DCYF now has a budget of more than $100 million, including the Children’s Fund ($50 million) and additional city government investments in children that have been won over the years through grassroots community advocacy and organizing. These funds support more than 40,000 children, more than 200 community-based children and youth programs, programs in our public schools, and a wide range of services that create opportunities for thousands of low income children struggling to stay and survive in San Francisco.
Brodkin Speech on the Children’s Amendment (1996)
New York Times Article on the Children’s Fund (1991)

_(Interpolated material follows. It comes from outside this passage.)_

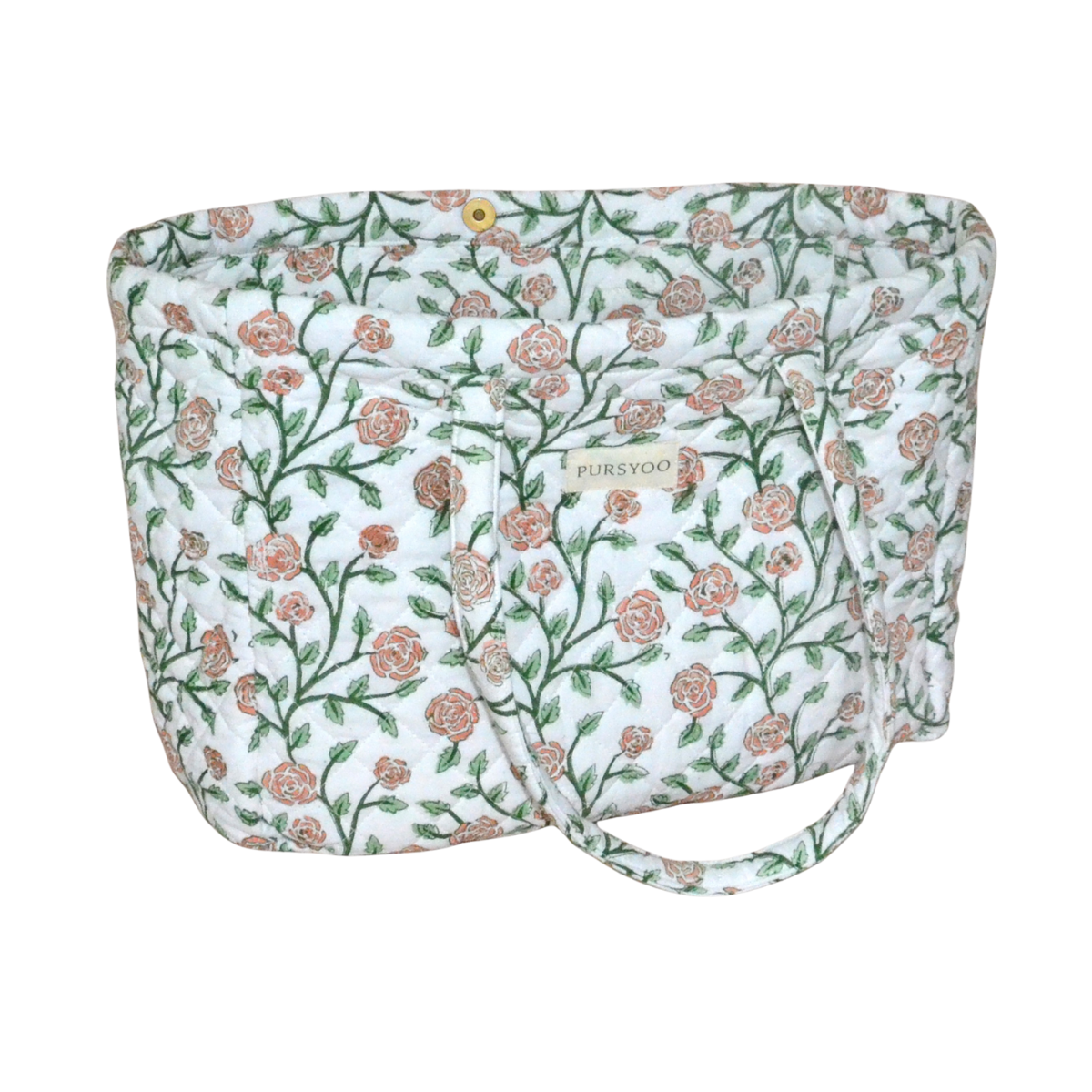 Peach Blush Vine Tote Bag | Hand Block Printed | Quilted Cotton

From Sand Boxes to Ballot Boxes – book about the Children’s Fund by former Director Margaret Brodkin
A NATIONAL MODEL OF COMMUNITY-LED CHANGE
Coleman Advocates for Children and Youth is one of the oldest and most prominent child advocacy organizations in the country, with a unique focus on community engagement that led to its recent transition to a membership-based community organization.
Stanford’s Gardner Center Case Study: Institutionalizing Children’s Rights
Read more reports about Coleman’s model of change >>here.

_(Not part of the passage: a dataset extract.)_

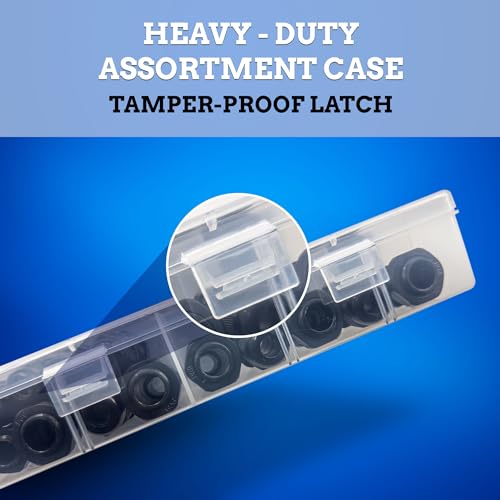 New Age America® 50pcs PG Cable Glands Kit KableLock™ | PG7 - PG19 | Black | Nylon Cord Grip Strain Relief | Adjustable Locknut Cable Connectors | IP68 Waterproof | PG7, PG9, PG11, PG13.5, PG16, PG19 - size: 50 PCS | PG7 - PG19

The Jean Jacobs Community Center >> Google maps link here
THE JEAN JACOBS COMMUNITY CENTER
Honoring our Founder & Serving Our Neighborhood
Forty years ago, it was a three year old in an isolation cell in San Francisco’s Juvenile Hall that was the spark which led Coleman’s courageous founder, Jean Jacobs, to begin a lifelong campaign to help children in the juvenile justice and foster care systems. Gertrude Coleman, impressed by Jacobs’ resolve, left a small trust to the San Francisco Foundation, which created Coleman Advocates and appointed its first Board of Directors. Coleman began operations in 1975.
Jean Jacob’s outrage and commitment to defend the rights of disenfranchised young people remains a guiding force of Coleman’s community work to this day.
To preserve Jean Jacob’s legacy, and to ensure that Coleman Advocates would impact the everyday life of San Francisco children for generations to come, former Director Margaret Brodkin led a successful public-private community campaign to purchase, renovate and open the Jean Jacobs Community Center in San Francisco’s Excelsior District – the neighborhood with the highest density of children in the entire city. Today, the Center is a vibrant hub of community activity, with tenants who provide direct services to low-income immigrant children (APA Family Services & MNC Head Start), a large community room with a full kitchen, used for neighborhood meetings, community events, special family celebrations for Coleman members, and even overnight youth retreats.